## [YOUR ASSIGNMENT]
An exact reproduction of the data below is expected, free of images.

## [SUPPLIED MATERIAL]
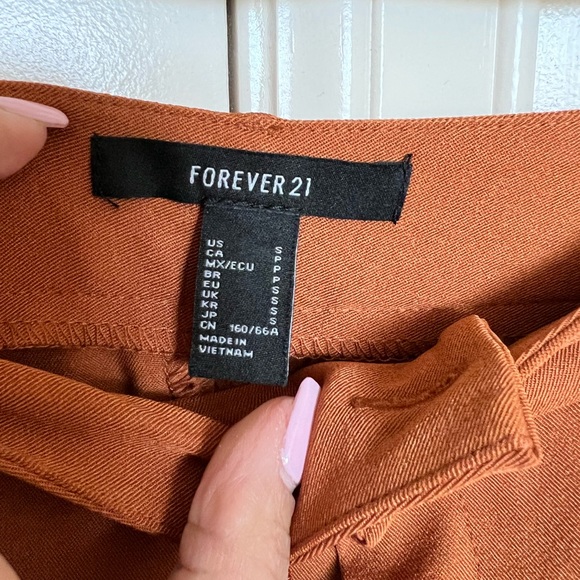 Forever 21 cuffed  pants - Picture 3 of 4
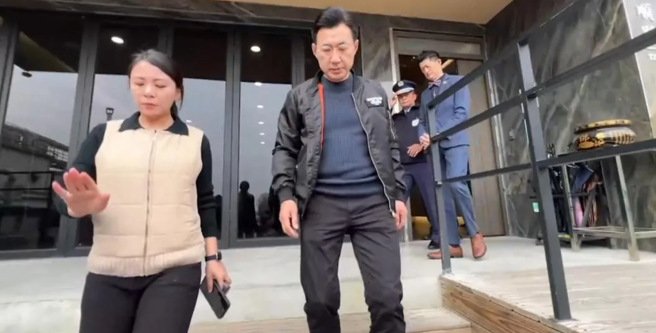 立法院副院长江启臣上午现身胡女灵堂。（图／翻摄自中天新闻）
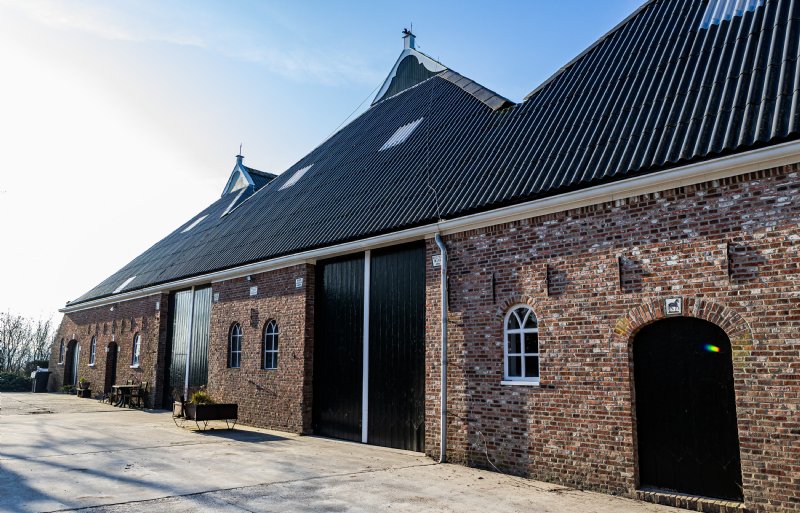 De karakteristieke voorgevel van boerderij Lutjebosch, met daarop de namen van de eerdere generaties.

## [WRITTEN RESPONSE]
 Forever 21 cuffed  pants - Picture 3 of 4
 立法院副院长江启臣上午现身胡女灵堂。（图／翻摄自中天新闻）
 De karakteristieke voorgevel van boerderij Lutjebosch, met daarop de namen van de eerdere generaties.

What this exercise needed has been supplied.